ST. ULTAN'S PRIMARY SCHOOL

Cherry Orchard, Dublin 8

In Brief

St. Ultan’s Primary School is innovatively combining care with education to provide for both the intellectual and emotional needs of its students. Located in an area of high social and economic disadvantage, the school understands that care and education must be integrated to tackle the unique difficulties that many children face. It achieves this through its unique Intervention Care Education (ICE) programme and by emphasizing hands-on and active learning with its students in ways that foster their well-being, creativity and leadership skills. Playing in the orchestra, practicing meditation together, working in the garden, participating in the student council—these are just a few of the many ways children at St. Ultan’s. get to engage with the community and their own self-development.

Background

St. Ultan’s provides a hands-on education to 420 students in Ballyfermot, a suburb of Dublin with high social and economic disadvantage. The school has developed a number of active learning programmes to engage students and tackle the unique issues they face, and it has even attracted international funding to do innovative work.

The Biggest Idea

The school integrates care and education; its philosophy considers it cruicial to help students develop not only learning skills, but also social and emotional ones. St. Ultan’s provides both Early Education and after school programmes, and its mission is also reflected in the school curriculum. Early identification and intervention for problems is encouraged, and students and teachers are taught to handle issues through a Restorative Practice framework.

Life at St. Ultan’s

At St. Ultan’s, you’ll find students playing and composing music in the orchestra. You’ll find children taking full responsibility of planting and maintaining the school’s vegetable beds. You’ll find them taking ownership of the school’s operations through the student council. You’ll find them practicing meditation, alongside their teachers. Classroom teachers work with in-class support teachers to build his wide array of hands-on learning opportunities for students, because the school has attempted to shift some focus away from textbooks in the education it provides.

Serving an area of high social and economic disadvantage, the school has a philosophy of integrating care and education. This ties in with the active learning techniques that compel students to become engaged and invested in their education.

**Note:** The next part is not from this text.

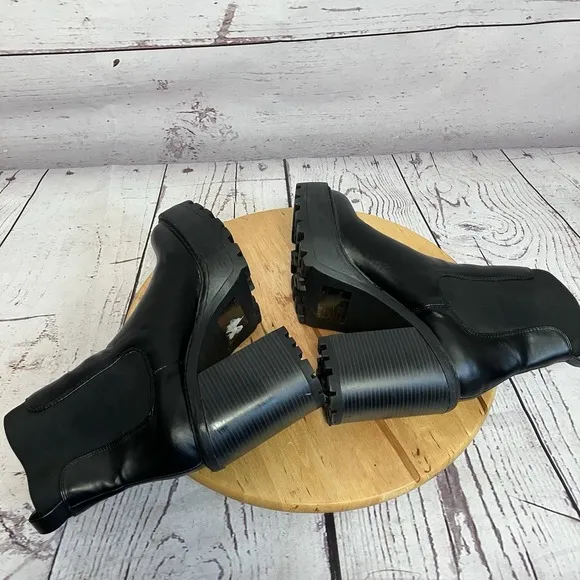 Madden Girl Kraze Boots Womens Sz 10 Black Chunky Blcok Heel Y2k Goth Round Toe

It also manifests itself in the Intervention Care Education Initiative, which is core to the school. In the Early Education Care Unit, students build social skills through the “Chatter Matters” and ‘Talk Boost” programmes. After school programmes are also available, as well as a robust meditation programme, that is also made available to parents. Children with special needs are integrated into the community, and in recent years the school’s Austistic Unit has been extended, for example with a sensory room and a sensory garden. Finally, Restorative Practice is a central part of the school’s function; teachers and students learn to resolve conflicts and problems with respect, listening, and fariness.

In addition to developing students’ abilities, the school aims to integrate them with the broader community. Parents and the local community are brought into the school, for example through the Parents’ Association. The school also attempts to make international connections; international symphony orchestras have visited the school and played alongside the students, and St. Ultan’s has links to other European schools through the Erasmus Plus and Comenius programmes. In these ways, the school is helping students from a disadvantaged community realize that they can all play an important role in the world. 

The Leadership

Principal Ena Morley, who has led the school for ten years with a deep belief in the integration of education and care, developed the Intervention Care Education programme to serve St. Ultan’s students. She has also been key in the formation of a highly innovative music programme. Morley aims to make the school a safe and happy place, and she leads a team of teachers and special needs assistants who lead their students through many hands-on activities compassionately and are trained to handle problems through Restorative Practice.